Operasi Intelejen Kejati NTT Bongkar Proyek Mangkrak Rp.48,6 M Di Kampus Undana Kupang

Operasi Intelijen ini dirancang sebagai early warning system pencegah kerugian negara

Bidang Intelijen Kejaksaan Tinggi NTT menggerakkan operasi pendalaman proyek strategis nasional, mengantarkan Kajati NTT Zet Tadung Allo melakukan inspeksi mendadak ke gedung Fakultas Kedokteran dan Kedokteran Hewan (FKKH) Undana yang mangkrak, Kamis (19/6). Kunjungan dipimpin langsung Asisten Intelijen Kejati NTT *Bambang Dwi Murcolono* didampingi Kasi Intelijen Yoni E. Mallaka dan Umbu Hina Marawali. Proyek senilai Rp48,6 miliar (APBN 2024/SBSN) ini gagal tuntas sejak target Desember 2024 di tangan kontraktor PT. P–PT. TCA KSO.

Baca Juga:  Terkuak Fakta Baru Sengketa Tanah 6,2 Hektare di Golo Mori. Warga Bongkar Peran Oknum Polisi F "Dia Seperti Kurir, Bekerja Untuk Suhardi"

Operasi Intelijen ini dirancang sebagai early warning system pencegah kerugian negara. Tim intelijen secara proaktif mengidentifikasi penyimpangan, mengumpulkan bukti lapangan, dan membangun koordinasi dengan pemangku kepentingan. _”Fungsi intelijen penegakan hukum kami jalankan untuk menjamin transparansi dan akuntabilitas proyek strategis. Anggaran negara harus terlindungi dari oknum tak bertanggung jawab,”_ tegas Murcolono. Hasil investigasi awal menunjukkan indikasi kuat *pengelolaan proyek gagal* dan potensi penyelewengan.

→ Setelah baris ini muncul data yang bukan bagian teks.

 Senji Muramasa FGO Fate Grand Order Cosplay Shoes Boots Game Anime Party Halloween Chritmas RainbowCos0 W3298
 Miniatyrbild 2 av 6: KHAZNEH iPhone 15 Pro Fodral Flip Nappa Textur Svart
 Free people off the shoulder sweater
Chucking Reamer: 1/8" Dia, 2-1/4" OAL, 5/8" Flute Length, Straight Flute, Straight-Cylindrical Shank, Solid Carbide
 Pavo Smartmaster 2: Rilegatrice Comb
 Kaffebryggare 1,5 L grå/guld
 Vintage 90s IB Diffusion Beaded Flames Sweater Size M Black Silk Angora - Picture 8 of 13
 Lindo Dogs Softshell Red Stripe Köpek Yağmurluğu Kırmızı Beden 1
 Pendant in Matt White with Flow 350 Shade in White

Di lokasi, Kajati Allo menyatakan: “Ini pengkhianatan amanah publik! Kontraktor abai tanggung jawabnya, hingga generasi muda jadi korban – perkuliahan kedokteran tertunda.”Intelijen Kejati NTT kini memperdalam penyelidikan untuk tindak hukum tegas. _”Operasi ini bukti komitmen Kejati mengawal proyek vital,”_ pungkas Allo, didukung penuh oleh Rektorat Undana.